The plan committee members would want to know if they should be providing alternative calculations, and they would want to know in the next three months, Reish said, because in some cases the requirement could be effective as early as Dec. 31.
The rule requires the statement in any 12-month period, so the first one would be needed at the end of the second quarter of 2022, a year from the effective date of Sept. 18.
In a recent FAQ, the DOL said the first statement would not be needed until the end of the second quarter of 2022, Reish said. Plan providers and participants might want to issue two illustrations in 2022, one mid-year and one after the end of the year to get on a calendar year schedule.
The DOL has been delayed because the Environmental, Social and Governance rule had a higher priority, which pushed back work on the rule and delayed appointment of a key assistant secretary position, Reish said.
‘Simplistic Bad Ideas’
Brad Campbell, also a Faegre Drinker partner and former DOL official, added that he knows from experience that the information the interim rule requires often is not useful. Campbell remembered getting lifetime income statements on his Thrift Savings Plan when he was a federal employee.

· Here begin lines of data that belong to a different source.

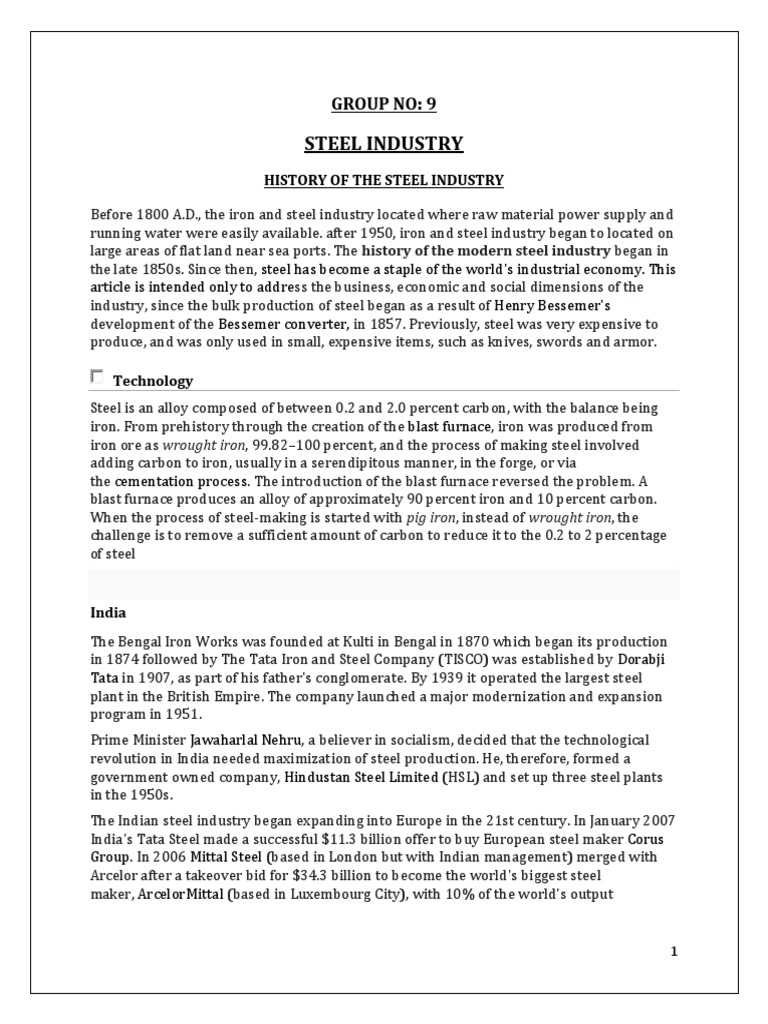 Steel Industry Group 9 PDF Economic Growth Steel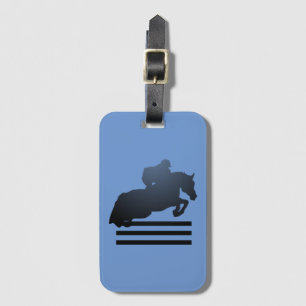  Show jumper clearing an obstacle.     Luggage Tag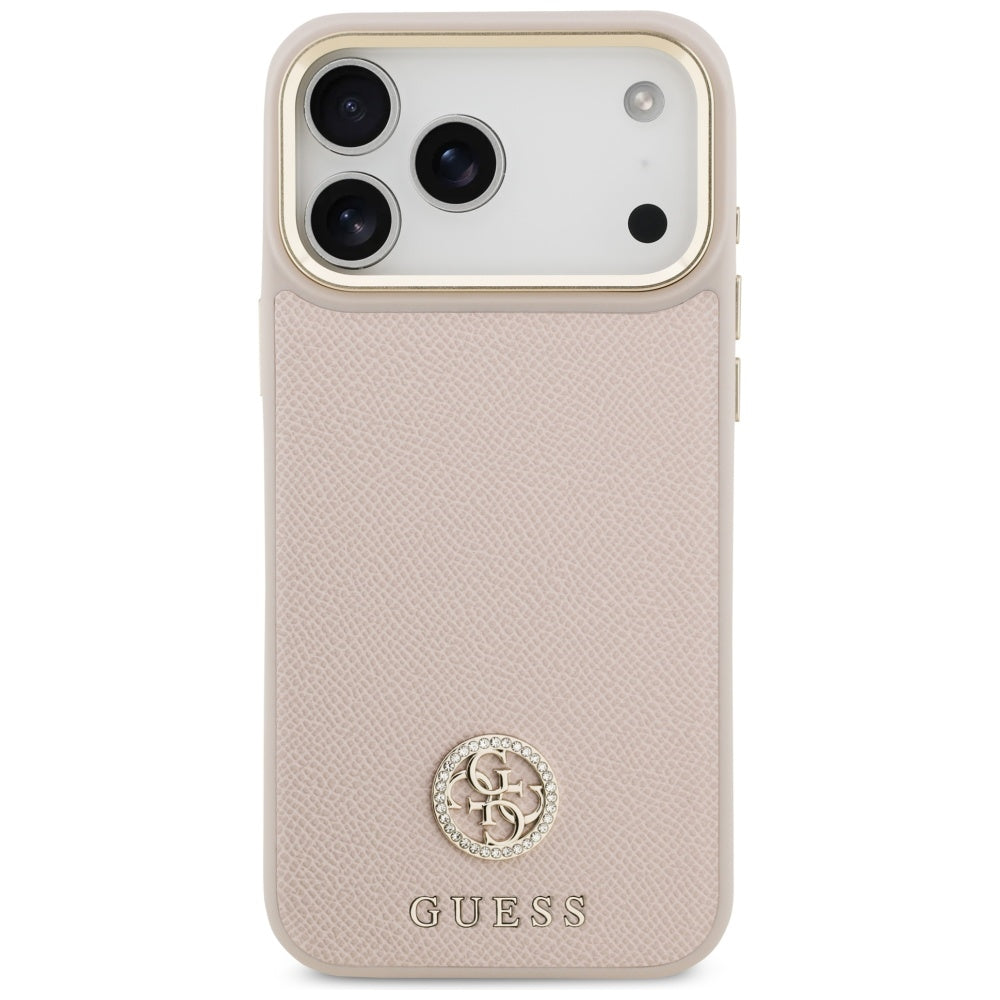 Guess Grained Strass Logo MagSafe-fodral til iPhone 17 Pro Max - lyserød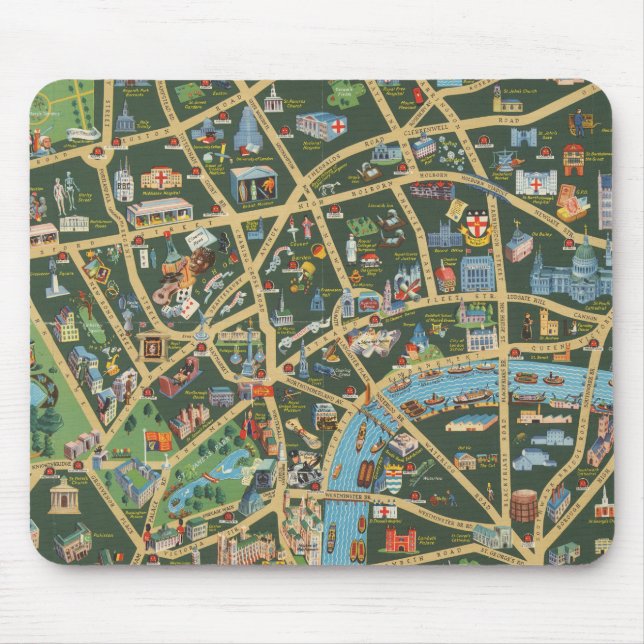 Mousepad O Mapa Diário de Imagens do Telegraph de Londres (Frente)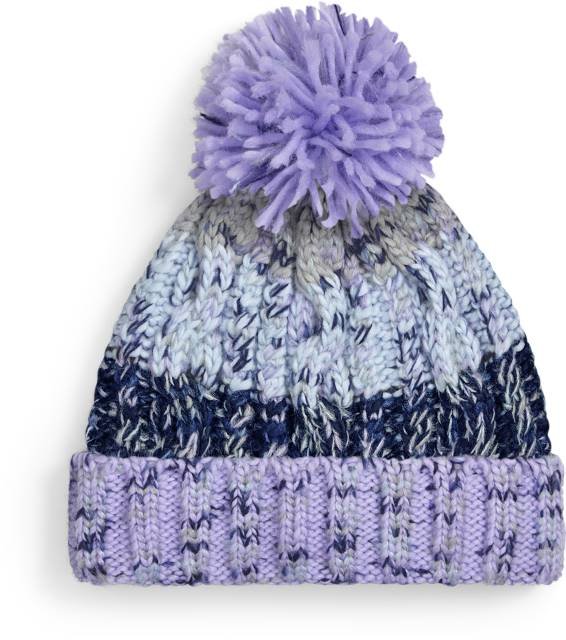 Beechfield Corkscrew Pom Pom Beanie – Lavender Fizz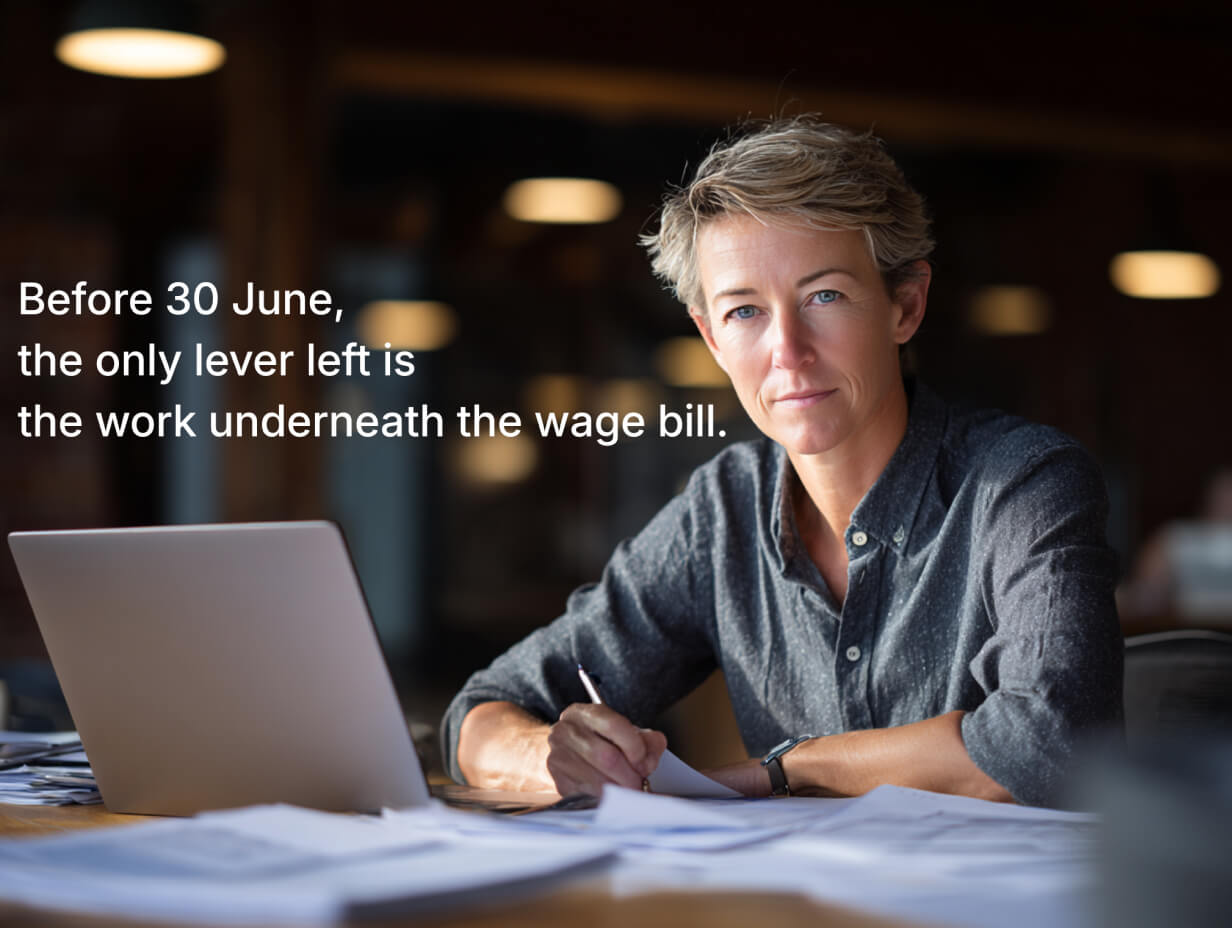 Australian business owner reviewing FY27 activity-level cost model before 30 June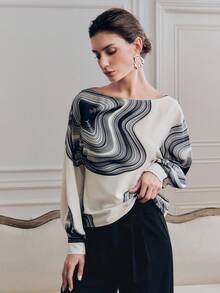 Anewsta Áo kiểu nữ mới về, họa tiết sọc đen trắng thanh lịch, phù hợp cho công sở, đi làm hàng ngày. - trắng - Xem 7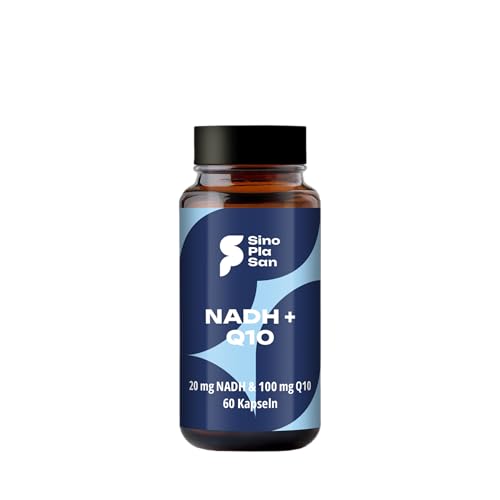 NADH (Panmol®) 20 mg + Coenzym Q10 100 mg Kapseln | 60 Kapseln | laktosefrei | OHNE Magnesiumstearat | Made in Germany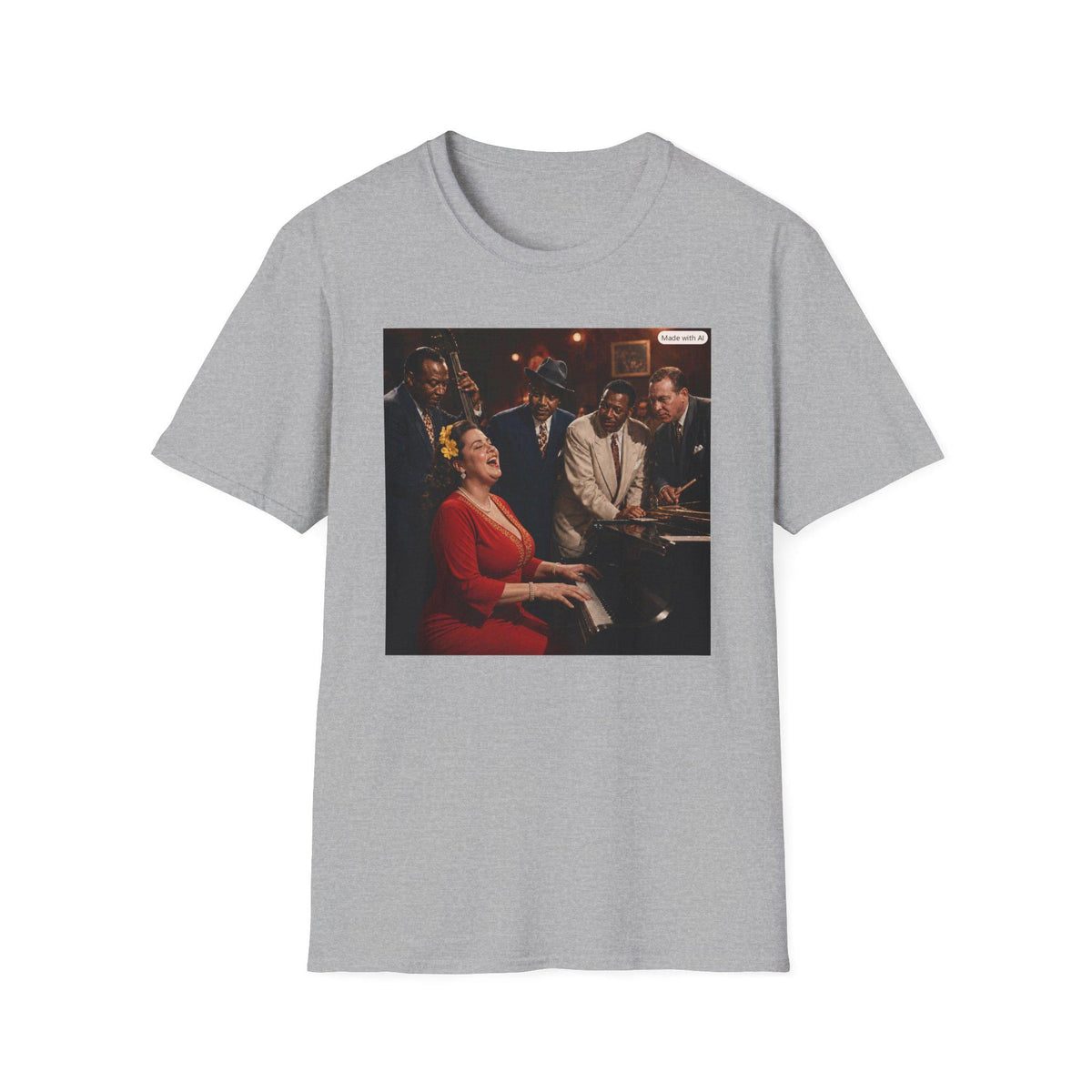 Vintage Jazz Club Scene T-Shirt | Singing Pianist Band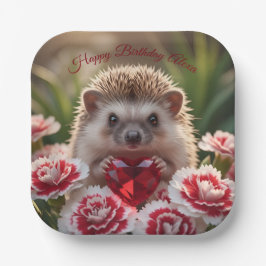 Cute January Hedgehog with Garnet Heart ペーパープレート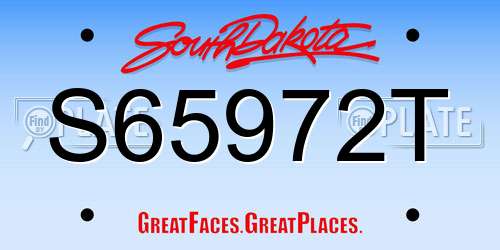 S65972T South Dakota License Plate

“Unfortunately, way too many simplistic bad ideas for the real 401k world come out of the government’s experience with its own very bare bones plan,” Campbell said, describing the annuity calculation he got annually, which was based on retiring in that year. “As a 30-year-old, I found that a really worthless projection. … I really think you need to project it forward to have some sort of more realistic balance.”
Because the Biden administration said that they will be drafting a final rule rather than relying on the interim regulation, Campbell said he had hope that they will be revisiting these details.
In the meantime, the DOL produced an FAQ that allows for other projections, Aithough they won’t get the benefit of safe harbor, Campbell said.
“I don’t think it’s going to achieve the goal that the Congress had in the SECURE Act,” Campbell said, “even though one could argue the DOL’s approach here may have actually been a faithful interpretation of what Congress wrote.”
Going with a more helpful projection might help plan participants, but only the government-sanctioned would provide fiduciary safe harbor, Reish said, adding that advisors and others have been asking if they would be liable if their projections did not hold up. After all, a projection issued this year would be thrown off by future contributions and conditions.
“Folks have been doing this for years, one particular provider’s been doing it for decades,” Reish said of projections. “Nobody’s ever filed any kind of a claim that I’m aware of. So, I just think people worry too much about the projections that don’t have a fiduciary safe harbor.”
Reish warned that the illustrations should include caveats are projections and not promises.
Steven A. Morelli is a contributing editor for InsuranceNewsNet. He has more than 25 years of experience as a reporter and editor for newspapers and magazines. He was also vice president of communications for an insurance agents’ association. Steve can be reached at firstname.lastname@example.org.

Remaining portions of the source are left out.